Nicola Sturgeon: Will SNP rebels oust First Minister before she drives Scotland off a cliff like Thelma and Louise? – John McLellan

Who knows exactly when double rapist Adam Graham realised he wanted to be a woman known as Isla Bryson, but hundreds of thousands of supposed transphobes can hardly be blamed for thinking it was around the time he knew there was a high chance a significant proportion of his life would be spent behind bars.

But as she climbed into the back of a taxi after a day in court, it’s unlikely Bryson knew she was about to become a fluorescent pink symbol of the growing disconnect between Nicola Sturgeon and a clear majority of Scottish voters. As the row grew about Bryson’s transfer to Cornton Vale, Ms Sturgeon very quickly clarified she did not think biological males convicted of rape should be sent to jails for women, but that such a horrendous anomaly arose so quickly after the Scottish Parliament approved the Gender Recognition Reform Bill to make self-identification easier is as vivid an illustration as possible that dismissing concerns about women’s rights as a cover for bigotry was as inaccurate as it was insulting.

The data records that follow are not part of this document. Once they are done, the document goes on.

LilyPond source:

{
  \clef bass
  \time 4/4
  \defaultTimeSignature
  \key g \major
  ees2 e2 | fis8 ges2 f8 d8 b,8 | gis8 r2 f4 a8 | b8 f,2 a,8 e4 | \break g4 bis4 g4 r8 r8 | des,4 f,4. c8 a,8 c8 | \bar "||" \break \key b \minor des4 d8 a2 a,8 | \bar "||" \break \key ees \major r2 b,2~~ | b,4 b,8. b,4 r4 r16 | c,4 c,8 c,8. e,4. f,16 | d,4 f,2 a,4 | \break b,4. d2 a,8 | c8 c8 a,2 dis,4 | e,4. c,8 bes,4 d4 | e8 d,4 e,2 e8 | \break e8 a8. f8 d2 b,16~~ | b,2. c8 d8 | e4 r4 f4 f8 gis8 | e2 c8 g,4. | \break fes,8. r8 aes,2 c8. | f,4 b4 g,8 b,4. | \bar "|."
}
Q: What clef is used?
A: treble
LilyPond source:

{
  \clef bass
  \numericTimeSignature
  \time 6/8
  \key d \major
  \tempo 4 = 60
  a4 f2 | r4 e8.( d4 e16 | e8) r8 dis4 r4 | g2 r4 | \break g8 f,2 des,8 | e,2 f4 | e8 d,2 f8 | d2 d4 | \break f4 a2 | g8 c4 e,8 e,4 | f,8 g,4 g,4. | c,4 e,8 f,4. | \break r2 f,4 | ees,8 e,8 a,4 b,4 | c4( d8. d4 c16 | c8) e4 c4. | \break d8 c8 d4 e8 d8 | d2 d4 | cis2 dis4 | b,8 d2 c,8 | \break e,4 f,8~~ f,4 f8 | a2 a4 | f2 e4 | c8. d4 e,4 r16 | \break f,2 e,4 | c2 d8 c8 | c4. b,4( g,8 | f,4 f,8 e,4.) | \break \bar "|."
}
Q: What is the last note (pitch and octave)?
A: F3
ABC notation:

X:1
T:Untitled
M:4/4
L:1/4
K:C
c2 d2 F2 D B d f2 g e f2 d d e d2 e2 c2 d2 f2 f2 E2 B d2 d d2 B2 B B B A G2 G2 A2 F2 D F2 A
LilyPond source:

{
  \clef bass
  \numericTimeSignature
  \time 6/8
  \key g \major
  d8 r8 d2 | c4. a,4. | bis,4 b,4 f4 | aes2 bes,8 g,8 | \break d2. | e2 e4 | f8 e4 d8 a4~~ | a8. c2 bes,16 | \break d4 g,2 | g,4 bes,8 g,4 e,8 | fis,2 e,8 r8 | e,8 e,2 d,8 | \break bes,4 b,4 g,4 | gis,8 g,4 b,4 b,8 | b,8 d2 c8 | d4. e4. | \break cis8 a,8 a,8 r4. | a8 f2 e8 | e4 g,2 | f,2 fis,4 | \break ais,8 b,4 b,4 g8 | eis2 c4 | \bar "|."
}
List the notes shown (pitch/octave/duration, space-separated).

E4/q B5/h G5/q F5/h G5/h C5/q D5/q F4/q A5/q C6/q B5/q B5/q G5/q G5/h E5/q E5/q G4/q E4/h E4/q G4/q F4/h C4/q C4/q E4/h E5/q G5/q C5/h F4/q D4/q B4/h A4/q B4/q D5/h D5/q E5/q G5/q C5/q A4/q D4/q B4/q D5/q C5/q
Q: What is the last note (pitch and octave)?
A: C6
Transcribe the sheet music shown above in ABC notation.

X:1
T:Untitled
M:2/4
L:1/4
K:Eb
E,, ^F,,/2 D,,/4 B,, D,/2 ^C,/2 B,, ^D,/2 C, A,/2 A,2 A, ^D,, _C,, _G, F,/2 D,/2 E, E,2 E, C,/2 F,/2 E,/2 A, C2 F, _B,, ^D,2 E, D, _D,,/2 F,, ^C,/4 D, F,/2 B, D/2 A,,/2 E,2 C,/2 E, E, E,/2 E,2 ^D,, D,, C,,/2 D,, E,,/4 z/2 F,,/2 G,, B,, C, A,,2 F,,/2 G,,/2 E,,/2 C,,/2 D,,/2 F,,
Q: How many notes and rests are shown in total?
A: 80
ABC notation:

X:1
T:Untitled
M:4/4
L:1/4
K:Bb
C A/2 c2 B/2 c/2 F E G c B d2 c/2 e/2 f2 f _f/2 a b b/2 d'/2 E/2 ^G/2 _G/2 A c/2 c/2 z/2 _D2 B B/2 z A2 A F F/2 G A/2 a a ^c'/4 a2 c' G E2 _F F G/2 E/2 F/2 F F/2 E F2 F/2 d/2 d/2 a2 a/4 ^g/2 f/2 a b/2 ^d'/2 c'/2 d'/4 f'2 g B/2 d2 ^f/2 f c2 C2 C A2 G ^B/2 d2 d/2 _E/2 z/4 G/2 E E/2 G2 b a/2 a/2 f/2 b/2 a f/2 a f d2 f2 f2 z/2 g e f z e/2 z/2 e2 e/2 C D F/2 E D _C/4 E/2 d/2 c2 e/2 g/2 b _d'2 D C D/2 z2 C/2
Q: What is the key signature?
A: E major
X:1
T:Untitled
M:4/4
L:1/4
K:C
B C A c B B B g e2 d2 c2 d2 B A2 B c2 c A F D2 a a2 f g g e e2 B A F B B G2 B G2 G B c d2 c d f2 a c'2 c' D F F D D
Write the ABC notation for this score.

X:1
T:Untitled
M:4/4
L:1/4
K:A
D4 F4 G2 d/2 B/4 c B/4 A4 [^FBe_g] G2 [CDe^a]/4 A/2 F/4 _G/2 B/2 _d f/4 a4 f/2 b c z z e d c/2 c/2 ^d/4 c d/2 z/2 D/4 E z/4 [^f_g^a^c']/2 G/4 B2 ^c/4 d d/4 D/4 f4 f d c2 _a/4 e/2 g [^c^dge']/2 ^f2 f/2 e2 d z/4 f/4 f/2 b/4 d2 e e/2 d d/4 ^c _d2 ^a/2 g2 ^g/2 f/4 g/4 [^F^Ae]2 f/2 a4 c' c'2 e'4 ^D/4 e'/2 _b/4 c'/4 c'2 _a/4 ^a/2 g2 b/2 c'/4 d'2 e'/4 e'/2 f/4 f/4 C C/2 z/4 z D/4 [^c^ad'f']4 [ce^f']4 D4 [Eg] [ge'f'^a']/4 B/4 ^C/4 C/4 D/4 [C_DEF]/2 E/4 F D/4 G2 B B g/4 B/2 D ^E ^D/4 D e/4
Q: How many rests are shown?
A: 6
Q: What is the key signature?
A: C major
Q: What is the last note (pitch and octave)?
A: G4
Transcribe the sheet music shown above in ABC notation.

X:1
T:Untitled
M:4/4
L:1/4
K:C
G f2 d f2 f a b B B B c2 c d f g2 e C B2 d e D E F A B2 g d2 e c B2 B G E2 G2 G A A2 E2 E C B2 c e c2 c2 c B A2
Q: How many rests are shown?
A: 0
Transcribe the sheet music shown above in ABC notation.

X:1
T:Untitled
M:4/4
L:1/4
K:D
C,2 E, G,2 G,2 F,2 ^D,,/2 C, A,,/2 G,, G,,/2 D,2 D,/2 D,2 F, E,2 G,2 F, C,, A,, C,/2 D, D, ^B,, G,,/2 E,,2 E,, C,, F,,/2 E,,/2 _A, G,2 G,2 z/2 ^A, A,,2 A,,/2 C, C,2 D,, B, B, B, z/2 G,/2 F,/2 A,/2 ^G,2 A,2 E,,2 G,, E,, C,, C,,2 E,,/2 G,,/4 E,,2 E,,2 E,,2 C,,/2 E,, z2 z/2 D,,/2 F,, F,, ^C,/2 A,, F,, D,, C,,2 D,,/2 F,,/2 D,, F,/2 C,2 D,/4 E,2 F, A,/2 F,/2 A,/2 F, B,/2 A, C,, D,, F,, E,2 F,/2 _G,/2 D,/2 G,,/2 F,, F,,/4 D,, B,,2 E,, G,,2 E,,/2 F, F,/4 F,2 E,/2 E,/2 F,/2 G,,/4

Maybe the First Minister only had one or two individuals in mind when she told The News Agents podcast that they “cloak themselves in women's rights to make it acceptable, but just as they're transphobic you'll also find that they're deeply misogynist, often homophobic, possibly some of them racist as well”, but the clear implication is it applies to the 60 per cent of Scots with significant concerns about the legislation. It is a very strange way to go about leading a mass movement with the single aim of ending the United Kingdom and maybe she’ll backtrack, just as she did earlier this year about her “I detest the Tories and everything they stand for” remark to the BBC's Laura Kuenssberg. But the ferocity of her attacks on opponents, the lack of reasonable balance at the outset of much recent Scottish Government policy-making, and subsequent resistance to compromise do indeed suggest, as The Scotsman claimed on Saturday, that she is losing the plot.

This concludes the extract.